Opening to the public on June 20, 2016, the museum has a mission of locating, retrieving, preserving, displaying and explaining its more than 2,500 items on display and fostering and promoting a greater understanding of the contributions of the African-American experience and impact on the cultural, educational and socio-economic aspects of Charlotte and neighboring counties.
Housed in the remodeled building once known as the bus shop and the agriculture building, the museum is open for visits from 10 a.m. until 2 p.m. the first and third Saturdays of each month.
The museum’s website has research and reference materials available such as old yearbooks, newspaper clippings and notices, copies of publications by Central High graduates, and the book by David L. Hancock of news concerning African-Americans, compiled from The Charlotte Gazette, May 1873 – December 1900.
Right now, supporters are gearing up for the upcoming Black History Month program Saturday, Feb. 23, at White Oak Grove Baptist Church.
Neighboring Prince Edward County may have Farmville’s Robert Russa Moton museum, the site from which protesting students walked out and eventually became part of the famous Brown v. Education suit tearing down segregated public education. But Smith notes that Moton and Central have their own, and separate, story.
“We’re not trying to copy them,” he noted. “We’re just trying to tell the story about Charlotte.”
Meanwhile, Smith said, supporters would like to see the museum eventually receive grant funds to install a humidity system to help preserve documents, papers and pictures; lighting to enhance the displays; and an audio-visual system that would allow for television screens, overhead projectors and music – as well as a storage building so that artifacts can be rotated in and out.

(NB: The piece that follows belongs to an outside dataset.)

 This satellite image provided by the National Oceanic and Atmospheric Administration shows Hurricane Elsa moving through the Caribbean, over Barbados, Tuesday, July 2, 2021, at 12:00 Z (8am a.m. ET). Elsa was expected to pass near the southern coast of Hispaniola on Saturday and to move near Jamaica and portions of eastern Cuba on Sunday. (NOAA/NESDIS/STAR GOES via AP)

But for now, the goal is something more humble: stipends to offset the dependence on the all-volunteer force that provides for the hours of operation.
To that end, Cam Johnson, a planner with the Commonwealth Regional Council, recently met with the museum’s board of directors to discuss grant opportunities.

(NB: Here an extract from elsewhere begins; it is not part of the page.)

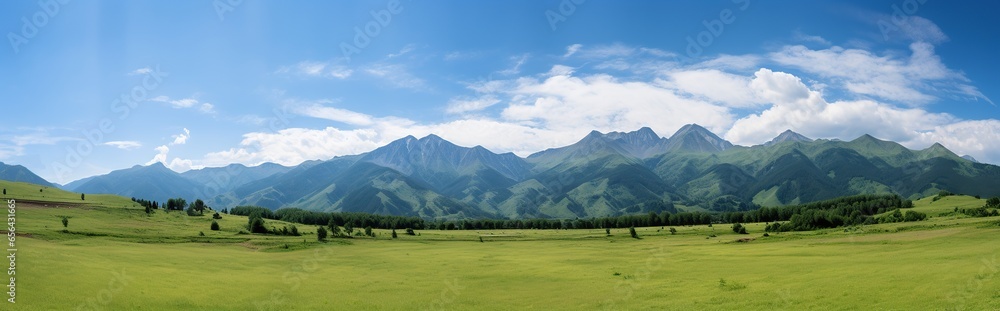 panorama of mountains with green meadows and blue sky during the day.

The council assists local units of government in planning, and managing, new programs and projects; and securing grants and loan for those programs and projects.
Johnson’s meeting with the board was at the behest of Nancy Carwile, a member of the board of supervisors, in hopes he can help find and secure small museum grants.
But no matter what, Smith said the museum is a reminder to all progress will not and cannot be turned back.
“I call this the only place in Charlotte County you can visit and read about the black community over the years,” he said. “From whence we can hope; we struggle and hope is still alive – even today.”